A report in The Lancet suggests that further booster immunisations for priority groups will be needed to fend off the B.1.617.2 mutation.

The Government’s policy is to space doses of the Pfizer jab beyond the manufacturer's three-week recommendation.

But this causes immunity to diminish faster than it otherwise would, especially among older Brits.

“These data therefore suggest that the benefits of delaying the second dose, in terms of wider population coverage and increased individual [protection] after the second dose [of Pfizer], must now be weighed against decreased efficacy in the short-term, in the context of the spread of B.1.617.2 [Delta]”, added the researchers.

The Prime Minister is expected to announce on Monday that the final stage of easing controls in England – slated for June 21 – is to be put on hold for up to four weeks amid a surge in cases.

But the move has angered some senior Tories, who have said there is no justification for another "catastrophic" delay to so-called "Freedom Day" when social distancing finally comes to an end.

The latest figures from PHE show there have been 42,323 cases of the Delta variant confirmed in the UK, up by 29,892 from the previous week.

The Delta variant now accounts for 96 per cent of new Covid infections.

The PHE report also suggests the Indian strain is 64 per cent more transmissible in homes, when compared to the Kent (Alpha) strain.

Plus, it can spread 40 per cent more easily outdoors, according to the PHE stats.

Professor Andrew Hayward, a member of the Nervtag group which advises ministers on new respiratory diseases, told BBC's The Andrew Marr Show: "That is the thing that will drive the speed with which the next wave comes along.

"I think if we were to open up more that would really fan the flames and lead to this increasing even faster."

Independent SAGE's Anthony Costello, of University College, warned The Mirror: "In a month you'll be up to 100,000 new cases a day."

Brits are two-thirds more likely to catch the Indian variant from close contacts – with cases more than tripling in 11 days.

However, patient numbers have grown at a much slower pace than cases – suggesting the vaccines are currently working to save lives.

Just six per cent of all Delta variant infections were in people who had both jabs.

More than half of the 42 deaths due to the mutation were in unvaccinated Brits.
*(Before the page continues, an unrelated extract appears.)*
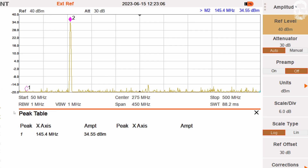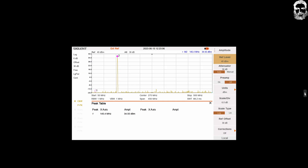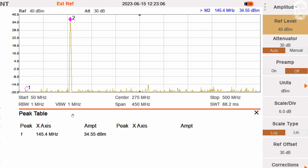Straight to the analyzer. The first screenshot is at 145.4 MHz, between the simplex and repeater frequencies. On low power we have 32.8 dBm — that's almost 2 watts, which is high for a 'low' setting. On mid we have 34.55 dBm, and on high we get 36 dBm, which is just over 4 watts at 145.4 MHz FM.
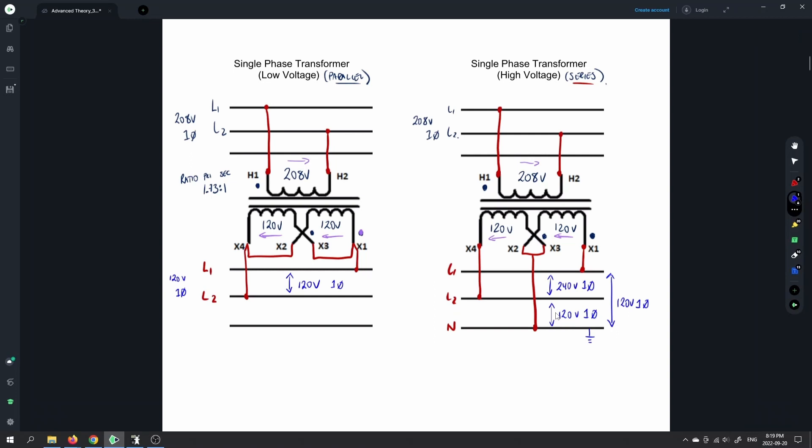Hopefully everyone's clear on the low voltage and high voltage configurations for single phase transformers. This will be quite a long video — I'm going to show all different configurations from single phase all the way through three phase and then three phase auto transformers as well. Later in the playlist I'll show the actual wiring for each.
However, despite rising daily cases, the number of people dying with Covid remains relatively low.

Fatalities increased by 12 yesterday, but numbers have stayed under 20 since May 11.

Meanwhile Britain's vaccination programme is continuing apace, with thousands of over-25s signed up to receive their jabs in the coming days.

Some 34.3million first doses of a Covid-19 vaccine have now been delivered in England – the equivalent of 77.5 per cent of the adult population.

And a whopping 70,741,984 jabs have been administered across the UK, including 29,450,653 second vaccines.